Take the line with "4 Fundas Neopreno" and every line after it in the entries below, and set them down exactly, without any pictures.

Short text fragments from websites:
--- START ---

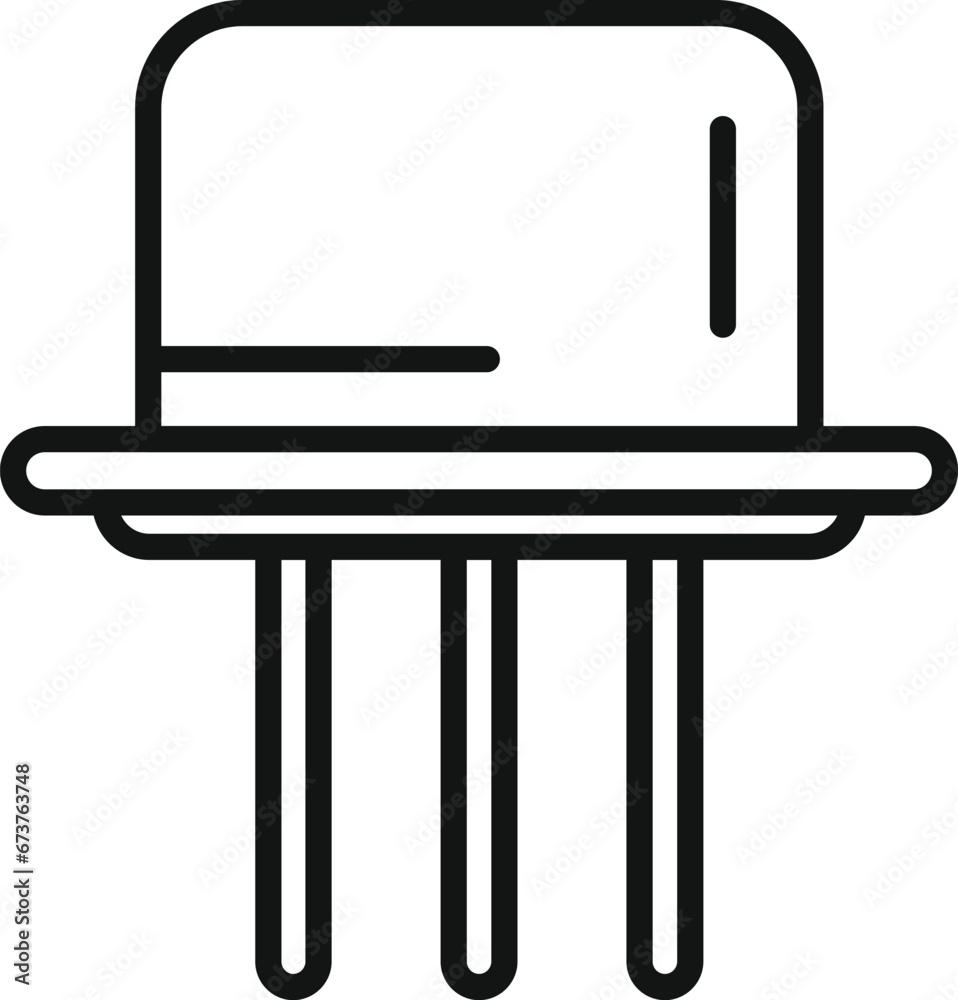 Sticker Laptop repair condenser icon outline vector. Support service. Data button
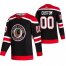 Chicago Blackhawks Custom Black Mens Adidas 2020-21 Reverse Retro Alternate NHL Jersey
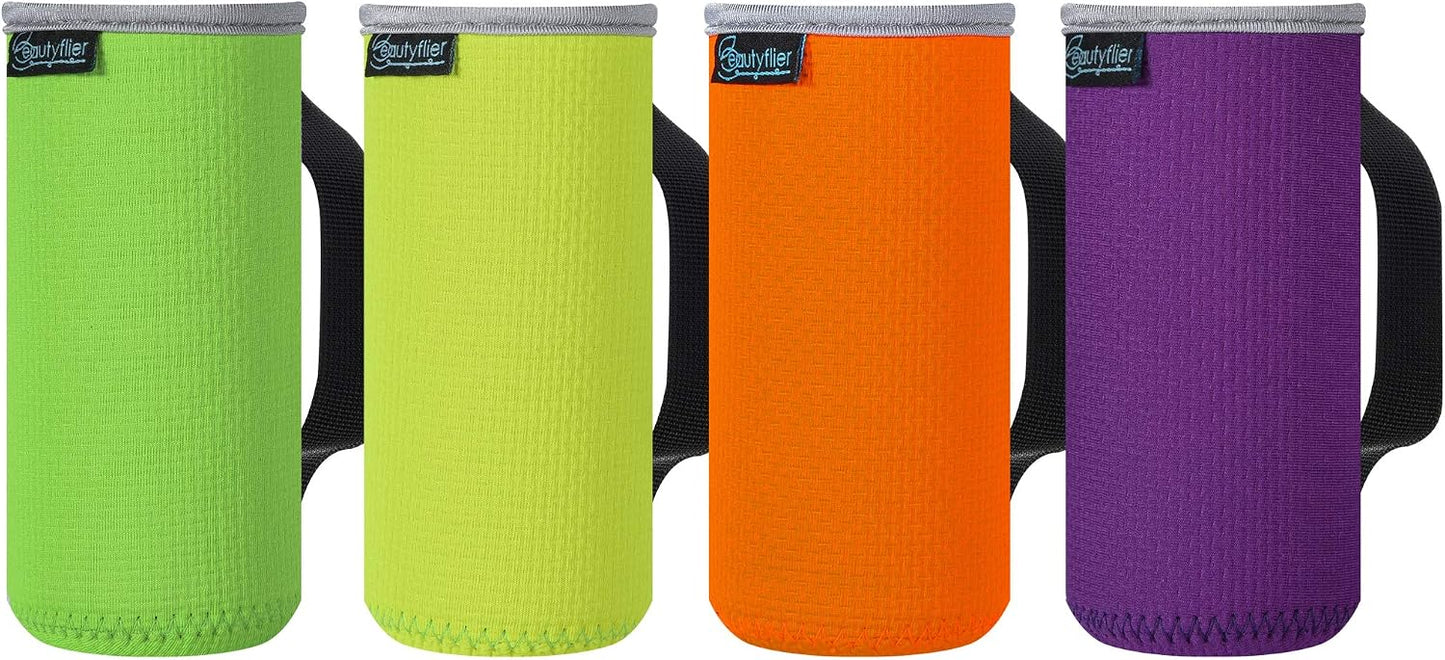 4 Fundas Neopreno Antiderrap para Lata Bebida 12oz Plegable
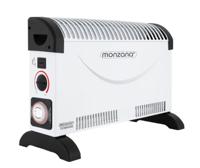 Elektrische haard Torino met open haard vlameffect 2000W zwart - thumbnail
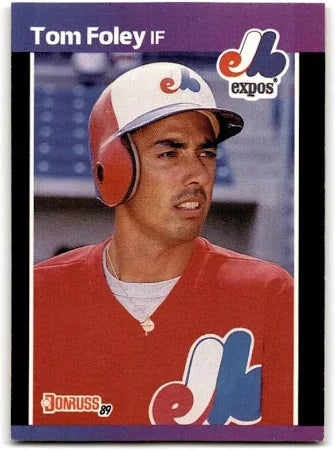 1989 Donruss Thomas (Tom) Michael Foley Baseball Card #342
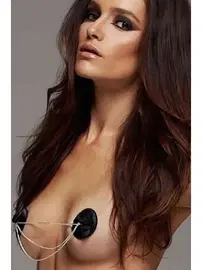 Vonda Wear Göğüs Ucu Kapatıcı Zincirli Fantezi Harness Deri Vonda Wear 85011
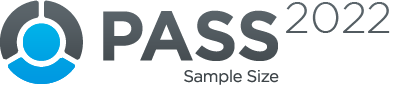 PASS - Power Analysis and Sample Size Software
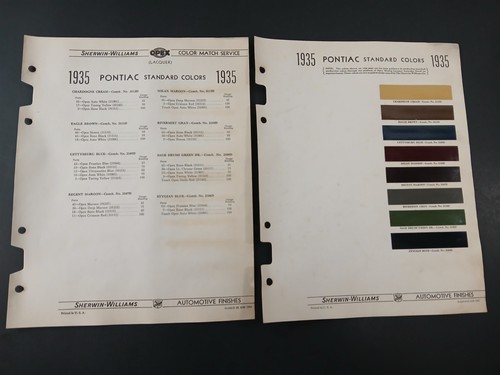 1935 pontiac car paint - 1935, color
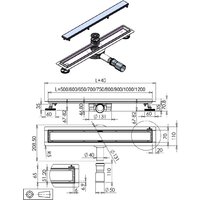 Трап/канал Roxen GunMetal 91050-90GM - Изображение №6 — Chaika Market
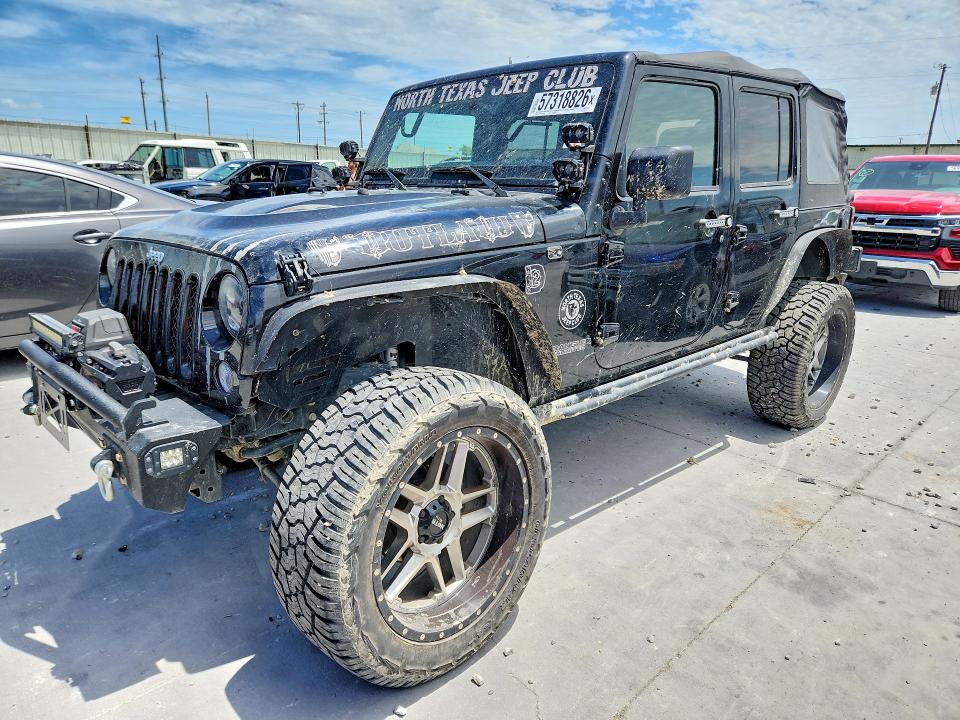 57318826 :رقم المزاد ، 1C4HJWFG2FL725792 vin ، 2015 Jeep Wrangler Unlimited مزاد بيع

--- END ---

### ANSWER SPACE
 4 Fundas Neopreno Antiderrap para Lata Bebida 12oz Plegable
 Elektrische haard Torino met open haard vlameffect 2000W zwart - thumbnail
 1989 Donruss Thomas (Tom) Michael Foley Baseball Card #342
 Vonda Wear Göğüs Ucu Kapatıcı Zincirli Fantezi Harness Deri Vonda Wear 85011
 PASS - Power Analysis and Sample Size Software
 1935 pontiac car paint - 1935, color
 Трап/канал Roxen GunMetal 91050-90GM - Изображение №6 — Chaika Market
 57318826 :رقم المزاد ، 1C4HJWFG2FL725792 vin ، 2015 Jeep Wrangler Unlimited مزاد بيع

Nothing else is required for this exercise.